→ **TRY IT**
Please copy exactly the lines from the one containing "Formula 1 race cars on track" to the end of the entries, both included, and nothing else. Omit every picture.

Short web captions

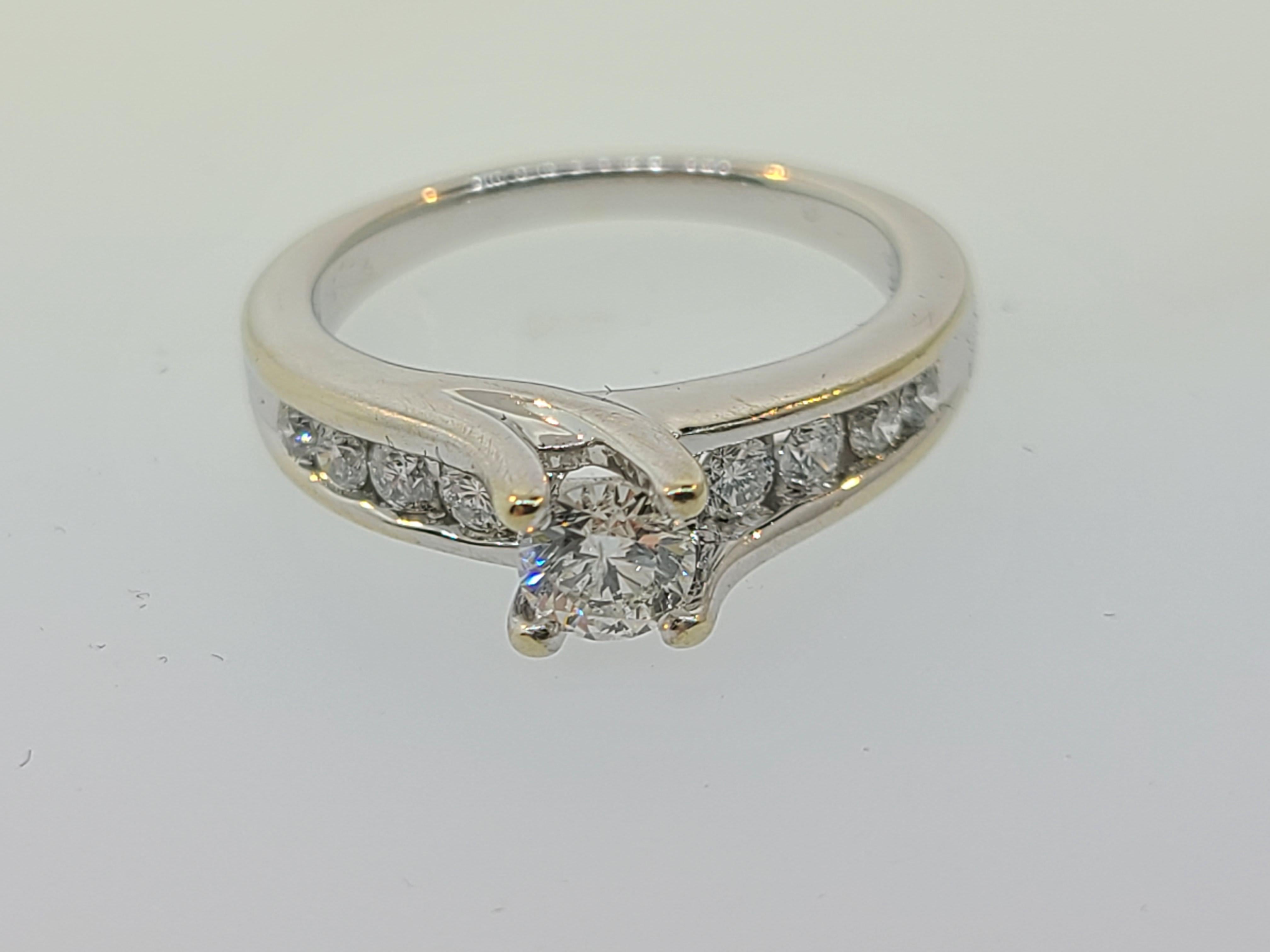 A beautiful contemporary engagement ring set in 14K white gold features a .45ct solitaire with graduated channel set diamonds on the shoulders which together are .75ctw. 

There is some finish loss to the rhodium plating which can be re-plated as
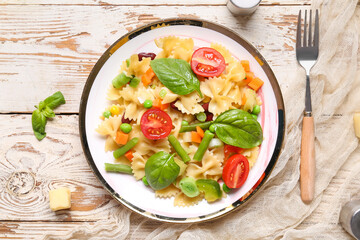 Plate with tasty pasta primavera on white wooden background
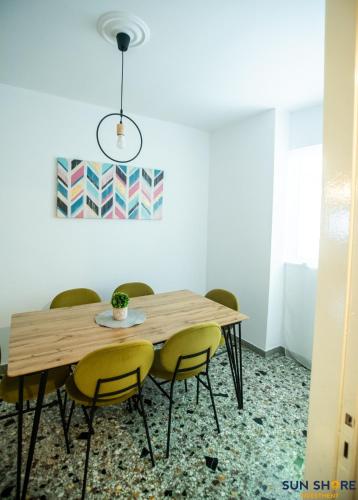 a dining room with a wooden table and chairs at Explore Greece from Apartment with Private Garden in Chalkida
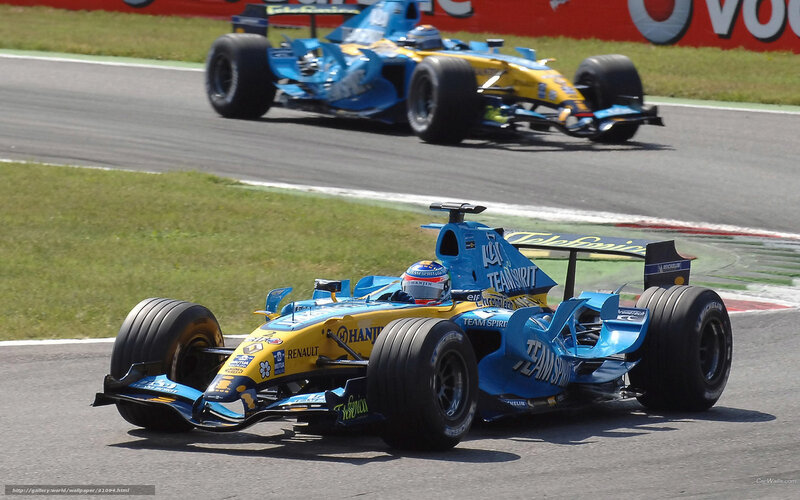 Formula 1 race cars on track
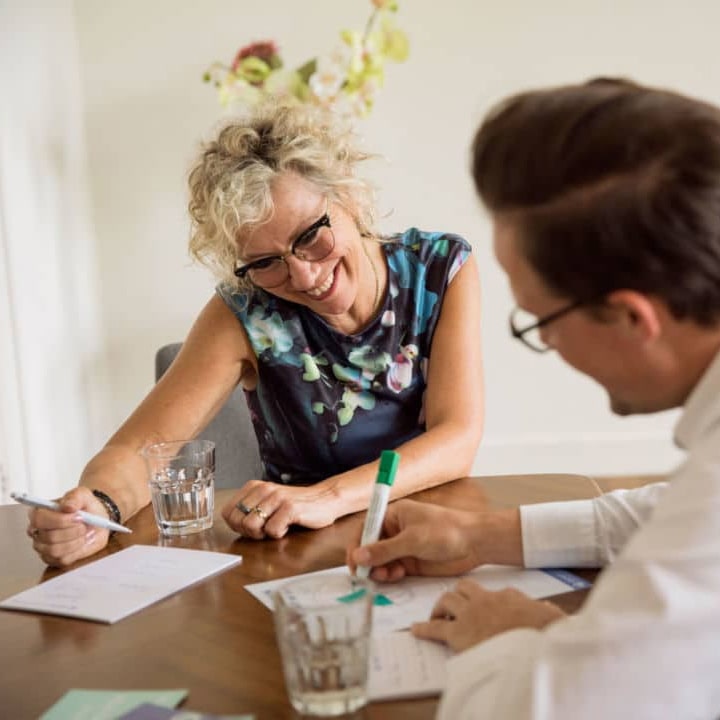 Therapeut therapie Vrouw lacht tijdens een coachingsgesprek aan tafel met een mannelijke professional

→ **OUTPUT BELOW**
 Formula 1 race cars on track
 Therapeut therapie Vrouw lacht tijdens een coachingsgesprek aan tafel met een mannelijke professional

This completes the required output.